• GIVEN RECORDS:
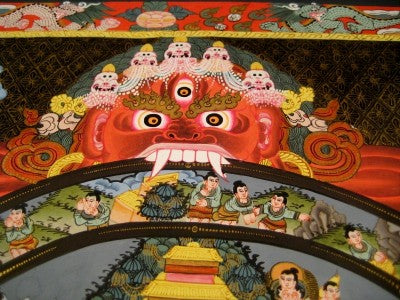 24 K Gold Thangka Thanka Painting Wheel of Life dragons Nepal A4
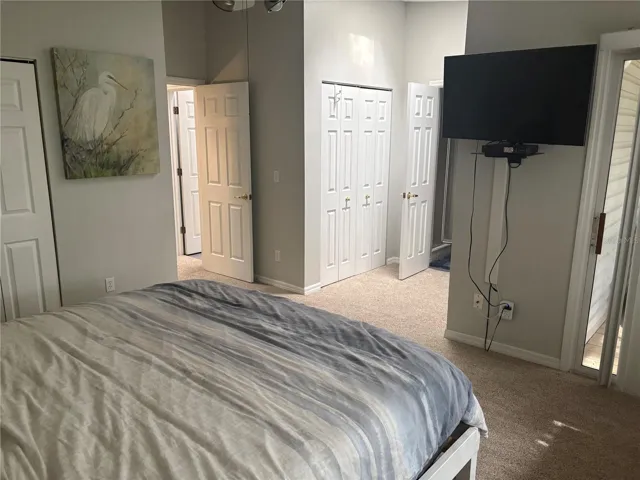 Master bedroom with double closets.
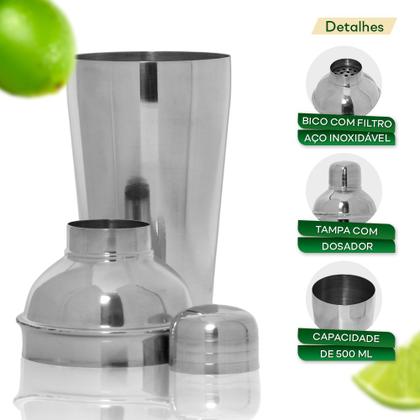 Imagem de Coqueteleira Inox 500ml Profissional Bar Coquetel Drinks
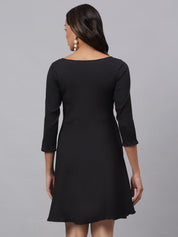 Women Black A-Line Dress - JND_1001Black_XS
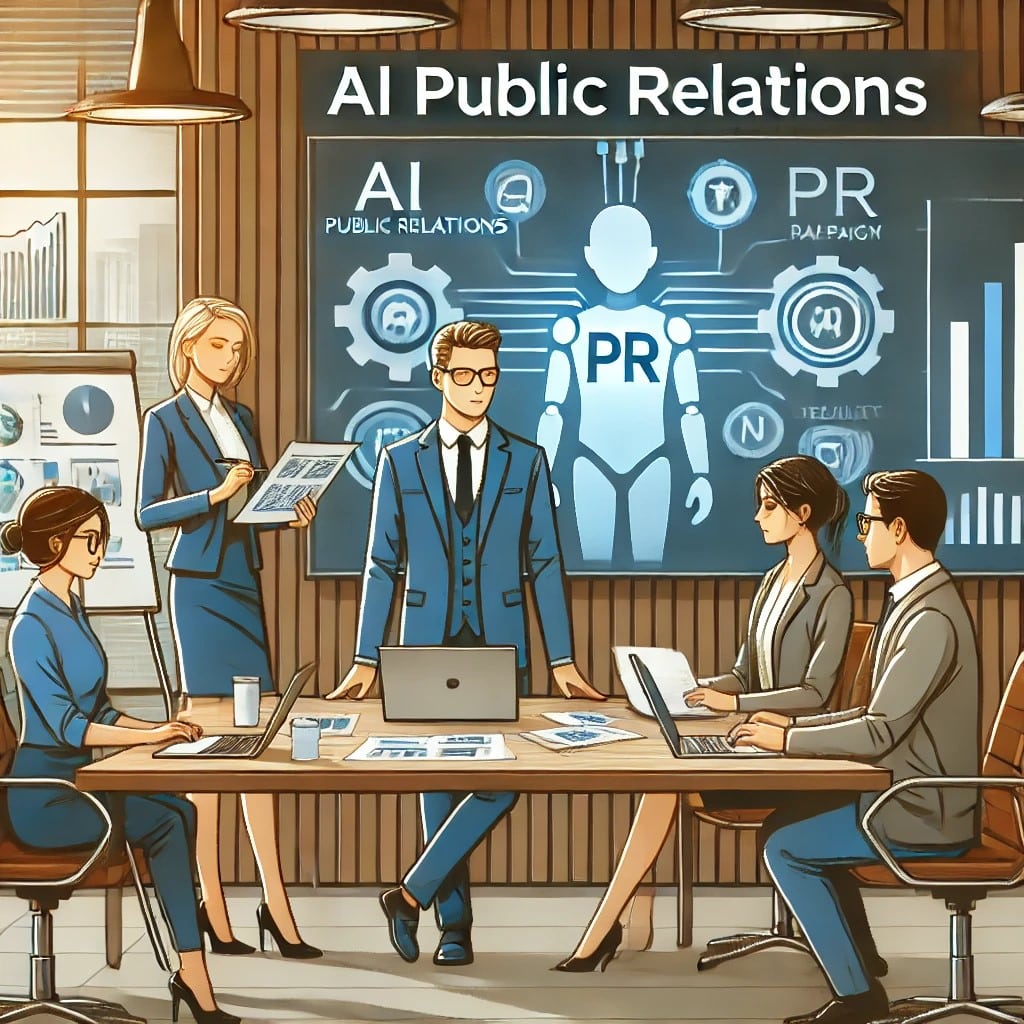 A professional team of AI public relations specialists collaborating on a PR campaign.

• GOAL OF THE EXERCISE:
Give again, exactly as written, the lines from the one with "Women Black A-Line Dress - JND_1001Black_XS" through the last line of the entries above, but skip the pictures.

• COMPLETED EXERCISE:
 Women Black A-Line Dress - JND_1001Black_XS
 A professional team of AI public relations specialists collaborating on a PR campaign.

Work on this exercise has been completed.